Short text fragments from websites:
== Segment start ==

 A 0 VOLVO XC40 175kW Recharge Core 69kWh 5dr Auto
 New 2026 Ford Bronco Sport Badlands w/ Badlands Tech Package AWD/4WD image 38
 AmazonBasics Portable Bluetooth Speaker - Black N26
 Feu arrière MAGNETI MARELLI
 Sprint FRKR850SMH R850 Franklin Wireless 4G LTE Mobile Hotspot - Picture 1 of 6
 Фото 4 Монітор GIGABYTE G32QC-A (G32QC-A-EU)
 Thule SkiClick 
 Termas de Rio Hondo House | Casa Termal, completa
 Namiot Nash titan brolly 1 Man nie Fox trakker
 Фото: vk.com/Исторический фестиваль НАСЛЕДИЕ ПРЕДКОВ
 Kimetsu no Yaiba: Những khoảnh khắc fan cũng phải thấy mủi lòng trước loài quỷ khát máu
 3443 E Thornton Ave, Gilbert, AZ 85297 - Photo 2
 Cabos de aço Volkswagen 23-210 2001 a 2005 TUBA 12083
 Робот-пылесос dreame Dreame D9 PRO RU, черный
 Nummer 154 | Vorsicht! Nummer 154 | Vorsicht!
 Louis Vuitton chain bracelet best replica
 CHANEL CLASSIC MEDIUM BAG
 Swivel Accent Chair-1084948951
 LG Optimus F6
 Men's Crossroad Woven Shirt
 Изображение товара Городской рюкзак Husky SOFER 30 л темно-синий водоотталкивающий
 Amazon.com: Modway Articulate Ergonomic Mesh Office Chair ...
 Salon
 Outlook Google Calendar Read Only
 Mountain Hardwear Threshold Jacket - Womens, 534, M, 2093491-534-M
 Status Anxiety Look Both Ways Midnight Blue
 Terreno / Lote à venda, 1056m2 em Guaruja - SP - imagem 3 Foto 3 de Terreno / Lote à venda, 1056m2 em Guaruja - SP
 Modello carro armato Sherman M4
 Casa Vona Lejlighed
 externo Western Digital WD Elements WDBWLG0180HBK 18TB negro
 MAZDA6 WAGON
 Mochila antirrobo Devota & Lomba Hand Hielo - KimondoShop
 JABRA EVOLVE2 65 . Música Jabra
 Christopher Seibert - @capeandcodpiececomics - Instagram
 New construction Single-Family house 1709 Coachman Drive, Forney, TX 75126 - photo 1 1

== Segment end ==

Problem statement: Repeat each line of the data above, exactly as it appears, from the first through the line that contains "Фото: vk.com/Исторический фестиваль".

Task result:
 A 0 VOLVO XC40 175kW Recharge Core 69kWh 5dr Auto
 New 2026 Ford Bronco Sport Badlands w/ Badlands Tech Package AWD/4WD image 38
 AmazonBasics Portable Bluetooth Speaker - Black N26
 Feu arrière MAGNETI MARELLI
 Sprint FRKR850SMH R850 Franklin Wireless 4G LTE Mobile Hotspot - Picture 1 of 6
 Фото 4 Монітор GIGABYTE G32QC-A (G32QC-A-EU)
 Thule SkiClick 
 Termas de Rio Hondo House | Casa Termal, completa
 Namiot Nash titan brolly 1 Man nie Fox trakker
 Фото: vk.com/Исторический фестиваль НАСЛЕДИЕ ПРЕДКОВ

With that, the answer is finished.